Evidence of Prabhdeep Hundal
a) KGB Statement
[22] Ms. Hundal entered the interview room at 21 Division of Peel police at 7:50 p.m. on December 3, 2017. She had been given a ride to the station by her sister. She was calm and composed while she awaited the officer in the interview room.
[23] Ms. Hundal was met by Constable Briggs who began the videotaped statement with a fulsome explanation of the audio and video recordings, the significance of the oath or affirmation, and the implications of perjury or providing false or misleading information to the police. The officer told Ms. Hundal that she might be a witness at a criminal trial arising from any charges laid, and warned her that she was liable for prosecution for giving false evidence. Ms. Hundal can be observed nodding throughout the instructions. She sought clarification of any issues she didn't understand, and ultimately proceeded to affirm her statement with the Commissioner of Oaths at 7:59 p.m.
[24] Ms. Hundal confirmed at the outset that police had been called to the hospital at her request the preceding day for her to report what had happened.
[25] For the next hour, she went on to provide a detailed account of the verbal argument which had erupted over the quality of the vacuuming in her bedroom. Ms. Hundal explained that there was always "lots of drama" between she and her extended family members, and that she was routinely the brunt of their verbal exchanges, particularly those of her brother-in-law.
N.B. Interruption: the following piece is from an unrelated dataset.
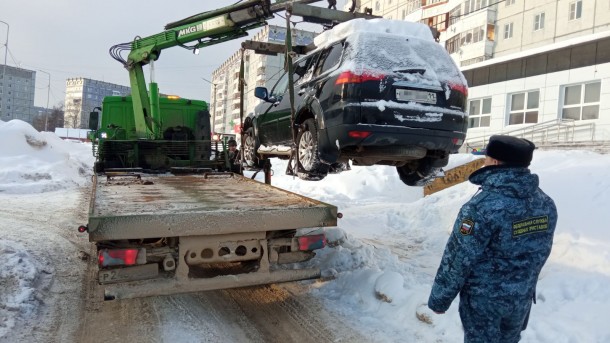 Приставы Сыктывкара арестовали у должника Mitsubishi Pajero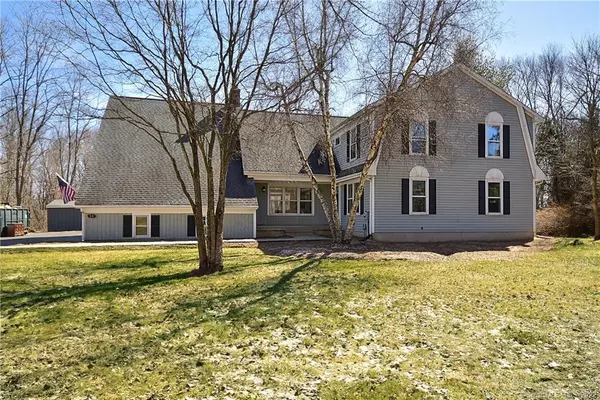 36 Plantation Drive, Suffield, CT 06078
[26] Ms. Hundal said that a screaming match ensued between she and her brother-in-law through her locked master bedroom door which her mother-in-law attempted to quell, and her husband withdrew from, effectively taking his brother's side over his wife's. She felt her own anger intensifying and a sense of panic building. Mr. Singh began banging aggressively on the bedroom door, to the point that a painting on her bedroom wall fell down from his blows.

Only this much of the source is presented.